1 James C. McNaughton, Nisei Linguists: Japanese Americans in the Military Intelligence Service during World War II (Washington, DC: US Army Center of Military History, 2006), p. 186, http://www.history.army.mil/html/books/nisei_linguists/CMH_70-99-1.pdf.
2Ted Tsukiyama, "The Nisei Intelligence War Against Japan," javadc.org, November 19, 2004, http://www.javadc.org/Nisei%20Intelligence%20War%20Against%20Japan.htm.
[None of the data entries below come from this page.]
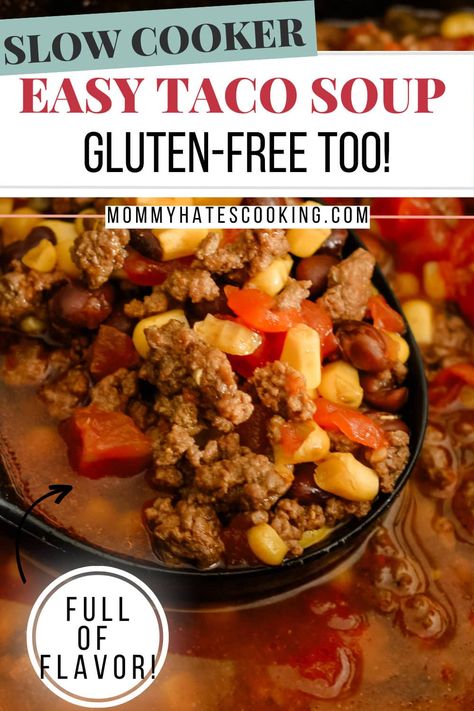 Gluten Free Taco Soup, Beef Taco Soup, Slow Cooker Beef Tacos, Gluten Free Taco, Soup Crock Pot, Easy Taco Soup, Taco Soup Crock Pot, Beef Soup Recipes, Crock Pot Tacos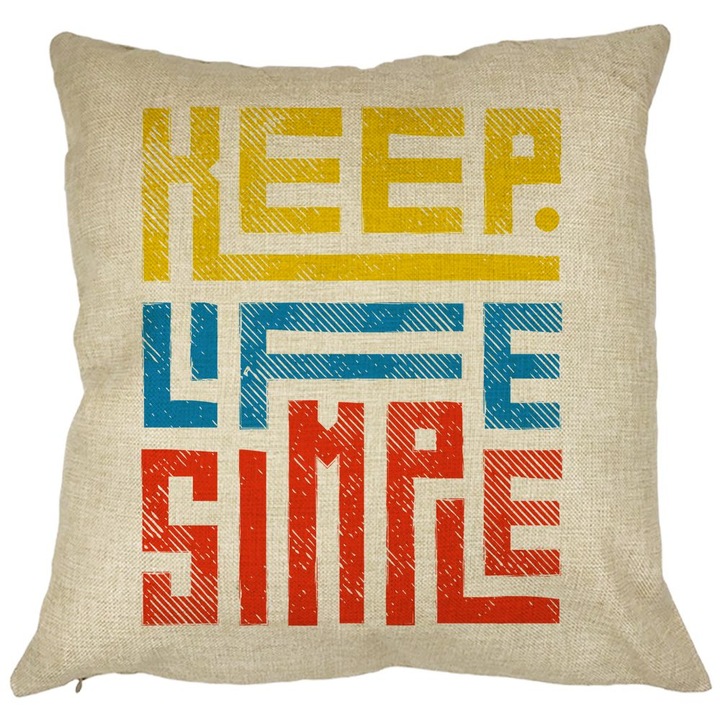 Dekoratív párna, Keep Life Simple, 40x40 cm, Levehető huzat, Fújtató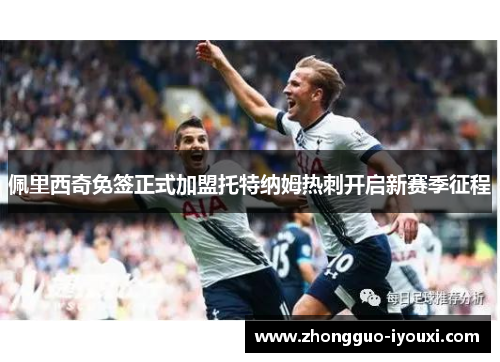佩里西奇免签正式加盟托特纳姆热刺开启新赛季征程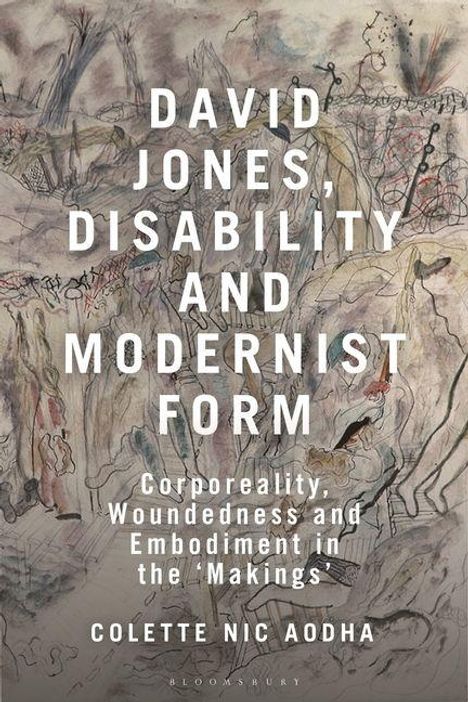 Text: "David Jones, Disability and Modernist Form. Corporeality, Woundedness and Embodiment in the 'Makings'. Colette Nic Aodha."  
Im Hintergrund eine abstrakte Illustration in gedeckten Farben.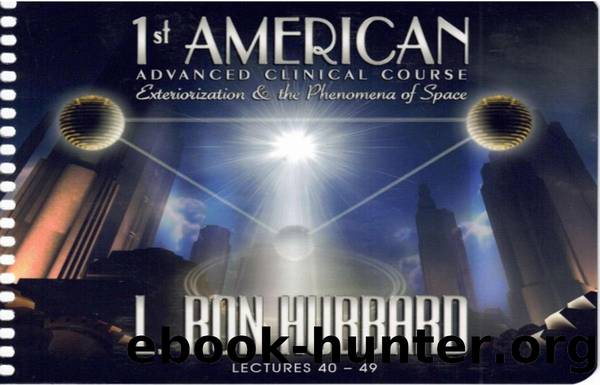 1st American Advanced Clinical Course Transcripts - Lectures 40-49 by OCRed & Searchable
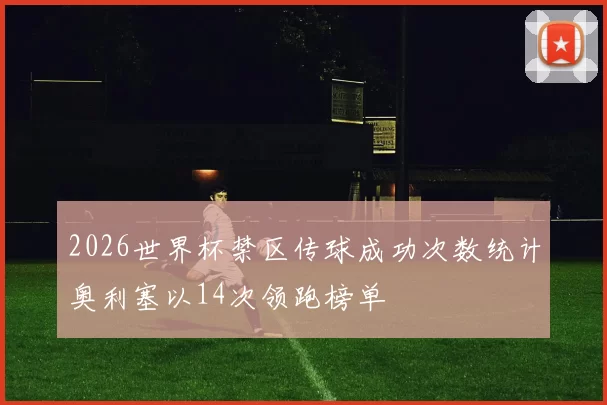 2026世界杯禁区传球成功次数统计奥利塞以14次领跑榜单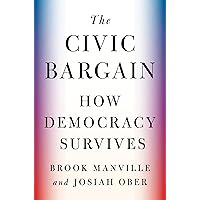 The Civic Bargain: How Democracy Survives The Civic Bargain: How Democracy Survives Hardcover Kindle Audible Audiobook Audio CD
3For details on the New Georgia offensive and the Northern Solomons campaign, see Shannon S. Schwaller, "The Harsh Realities of Warfare," US Army Website, last updated February 14, 2011, http://www.army.mil/article/51848/The_Harsh_Realities_of_Warfare/.
4McNaughton, p. 175.
5John Rickard, "Battle of Munda, 2 July-5 August 1943," historyofwar.org, n.d., http://www.historyofwar.org/articles/battles_munda.html.
6John Alfred Burden, qtd. in Lyn Crost, Honor by Fire: Japanese Americans at War in Europe and the Pacific (Novato, CA: Presidio Press, 1997), p. 50.